Salari e potere d’acquisto, Draghi ora ha fretta di intervenire

(Adnkronos) – Non ci sono solo le fibrillazioni nella maggioranza, soprattutto in casa Cinquestelle, ci sono anche i tempi dell’economia, e di una situazione congiunturale che rischia di avvitarsi, a suggerire al governo e al premier Mario Draghi di
accelerare
sui
provvedimenti per sostenere i salari e proteggere il potere d’acquisto. Il premier lo dice più volte e con estrema chiarezza: “Le risposte si devono dare immediatamente”, non si può aspettare la legge di Bilancio perché sarebbe troppo tardi: “l’effetto della diminuzione del potere di acquisto non avrebbe mitigazione” e “ci sarebbe un effetto sui consumi, che sono la parte più importante della domanda”. 

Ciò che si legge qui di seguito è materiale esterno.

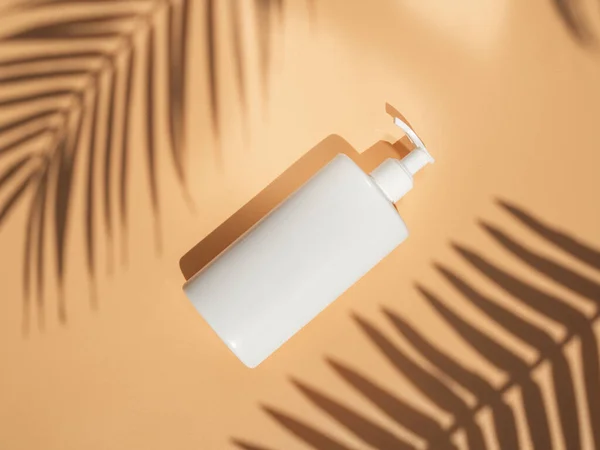 White clean tanning Lotion or Sunscreen cream bottle for package mockup. Palm leaves shadows and beige background. Minimal summer skin care and Sun protection concept. Top view with space for logo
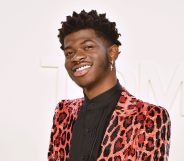 Lil Nas X in an orange leopard print suit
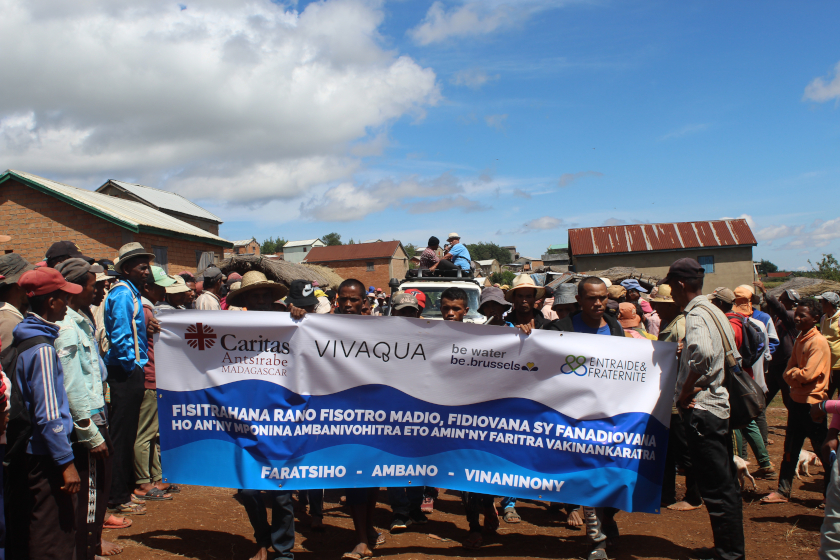 Groupe de personnes marchant dans une rue, tenant une grande banderole de sensibilisation à l’accès à l’eau, à l’hygiène et à la vaccination à Madagascar.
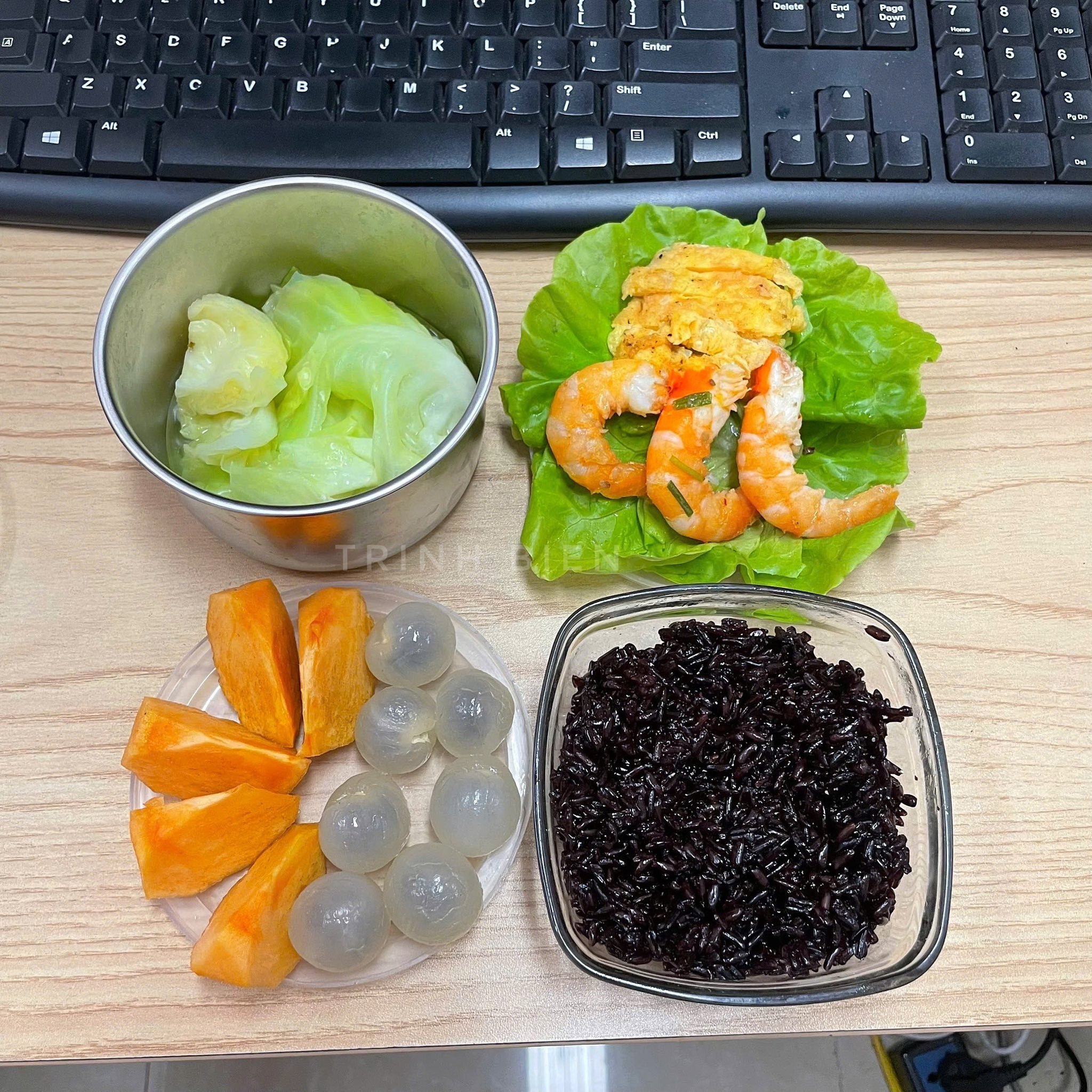 Hộp cơm có món tôm hấp, trứng rán vàng ươm, bắp cải luộc và tráng miệng với nhãn, hồng giòn.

Il quadro è cambiato, anche solo rispetto a dieci giorni fa. E se il comportamento parlamentare del Movimento guidato da Giuseppe Conte è un tema sensibile per la tenuta del governo, la necessità di utilizzare le leve della politica economica per reagire alle difficoltà che aumentano è l’unica risposta possibile. “L’inflazione erode il potere di acquisto della famiglie. Dobbiamo intervenire per sostenere l’occupazione e affrontare disuguaglianze che in periodi di alta inflazione si aggravano. Difendere pensione e salari. Di qui nasce l’idea di questo incontro stamattina con i sindacati”, spiega Draghi, indicando anche il percorso che intende seguire: “Servono interventi strutturali. Gli interventi ad hoc servono quando è un fenomeno episodico, ma quando comincia a durare servono interventi strutturali per tutelare il potere d’acquisto delle famiglie. Sono interventi urgenti e strutturali. Molti saranno fatti in legge di bilancio ma altri saranno fatti prima”.  

Il premier, che da presidente della Bce ha sempre sostenuto la stessa linea, si sofferma anche sul rischio per definizione connesso alle misure che stimolano un aumento dei salari. “Quello che è importante è evitare che si inneschi una spirale di aumento prezzi-salari. A questo guarda la Bce e guardano tutte le Banche centrali. Ma nel nostro caso il costo del lavoro e’ molto basso, molto basso rispetto ad altri paesi europei”, evidenzia, assicurando che le misure a cui si sta pensando “sono tutte compatibili” con politiche anti-inflazionistiche. 

L’altro paletto è quello posto dal bilancio, perché non si vogliono fare interventi finanziati in deficit. Il sentiero è stretto. Sono necessarie “misure strutturali per incrementare il netto dei salari, occorre ridurre il carico fiscale a partire dai redditi più bassi, vogliamo intervenire in maniera decisa all’interno degli spazi della finanza pubblica”. E il tempo stringe, le misure servono subito e non a fine anno.  

Per questo Draghi è chirurgico quando parla del ruolo e del mandato del suo governo: “Con gli ultimatum non lavora, perde il suo senso di esistere. Se riesce a lavorare continua, se non riesce a lavorare non continua”. Il messaggio è chiaro, non c’è tempo per contrattare su misure di bandiera come se non ci fosse una guerra in corso, come se non ci fosse l’inflazione all’8% e come se il rischio di una nuova recessione non fosse una certezza in caso di stop alle forniture di gas russo. Serve il governo, serve la politica economica e serve una maggioranza in grado di sostenerla.